— EXERCISE —
Each and every line below goes into your answer unchanged, but leave out the images.

— THE INPUT —
******************************
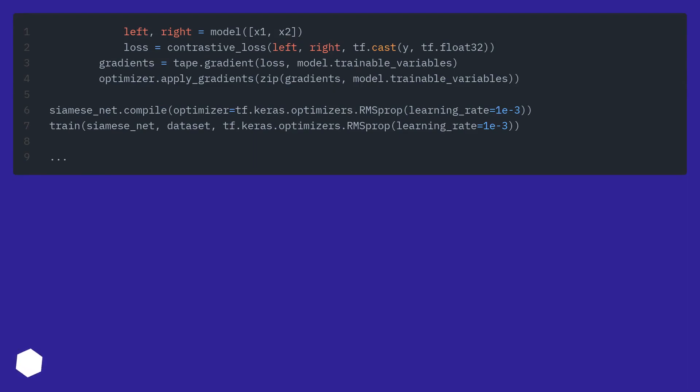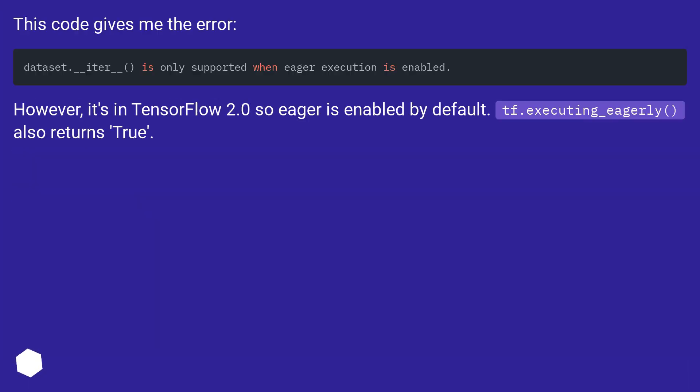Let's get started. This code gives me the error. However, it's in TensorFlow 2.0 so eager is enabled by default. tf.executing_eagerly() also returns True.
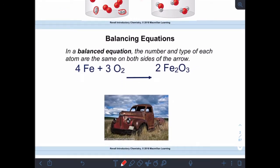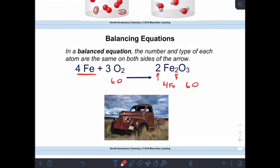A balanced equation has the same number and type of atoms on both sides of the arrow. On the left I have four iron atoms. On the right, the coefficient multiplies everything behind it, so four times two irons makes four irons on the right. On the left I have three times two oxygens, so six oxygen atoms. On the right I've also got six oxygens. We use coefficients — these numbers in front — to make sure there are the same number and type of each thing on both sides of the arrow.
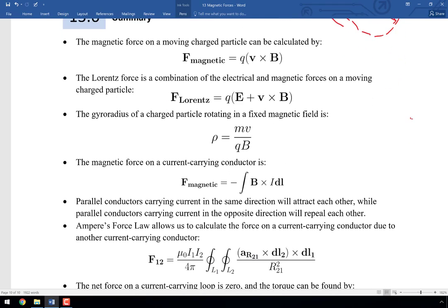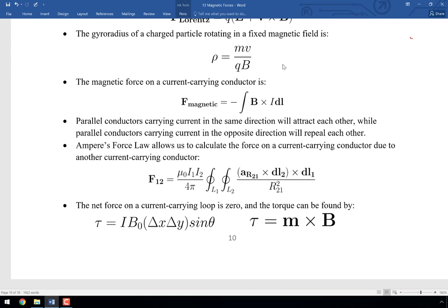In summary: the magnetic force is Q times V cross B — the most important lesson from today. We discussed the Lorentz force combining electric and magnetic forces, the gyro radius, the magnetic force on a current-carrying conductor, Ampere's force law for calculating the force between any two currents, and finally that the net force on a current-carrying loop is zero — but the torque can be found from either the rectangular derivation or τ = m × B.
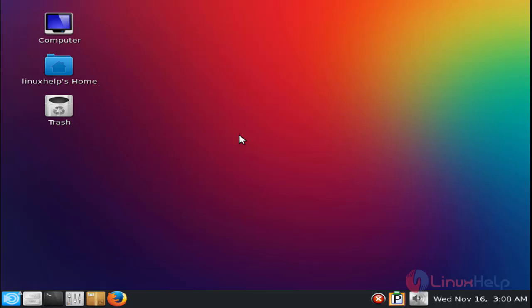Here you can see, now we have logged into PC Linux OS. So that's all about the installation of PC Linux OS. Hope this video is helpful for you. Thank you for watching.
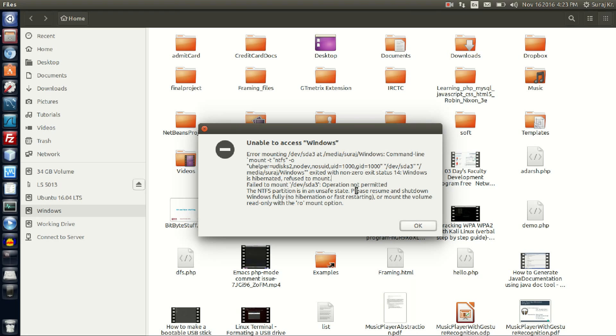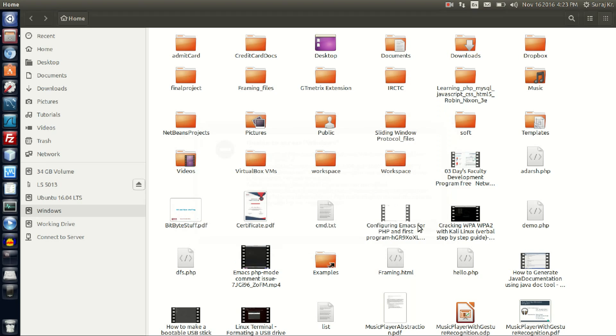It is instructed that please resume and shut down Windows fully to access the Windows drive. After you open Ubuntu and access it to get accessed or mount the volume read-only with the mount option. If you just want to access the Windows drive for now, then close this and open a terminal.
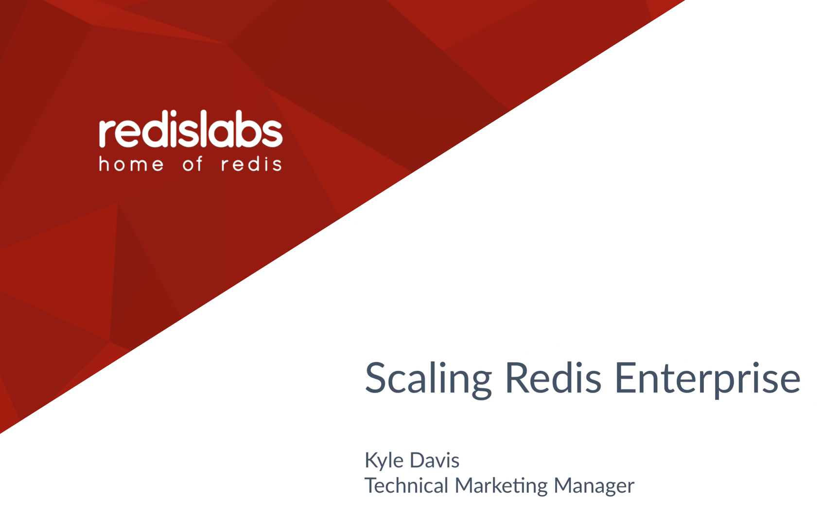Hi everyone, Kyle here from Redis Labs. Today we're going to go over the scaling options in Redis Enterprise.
******************************
— EXERCISE RESPONSE —
Let's get started. This code gives me the error. However, it's in TensorFlow 2.0 so eager is enabled by default. tf.executing_eagerly() also returns True.
A balanced equation has the same number and type of atoms on both sides of the arrow. On the left I have four iron atoms. On the right, the coefficient multiplies everything behind it, so four times two irons makes four irons on the right. On the left I have three times two oxygens, so six oxygen atoms. On the right I've also got six oxygens. We use coefficients — these numbers in front — to make sure there are the same number and type of each thing on both sides of the arrow.
In summary: the magnetic force is Q times V cross B — the most important lesson from today. We discussed the Lorentz force combining electric and magnetic forces, the gyro radius, the magnetic force on a current-carrying conductor, Ampere's force law for calculating the force between any two currents, and finally that the net force on a current-carrying loop is zero — but the torque can be found from either the rectangular derivation or τ = m × B.
Here you can see, now we have logged into PC Linux OS. So that's all about the installation of PC Linux OS. Hope this video is helpful for you. Thank you for watching.
It is instructed that please resume and shut down Windows fully to access the Windows drive. After you open Ubuntu and access it to get accessed or mount the volume read-only with the mount option. If you just want to access the Windows drive for now, then close this and open a terminal.
Hi everyone, Kyle here from Redis Labs. Today we're going to go over the scaling options in Redis Enterprise.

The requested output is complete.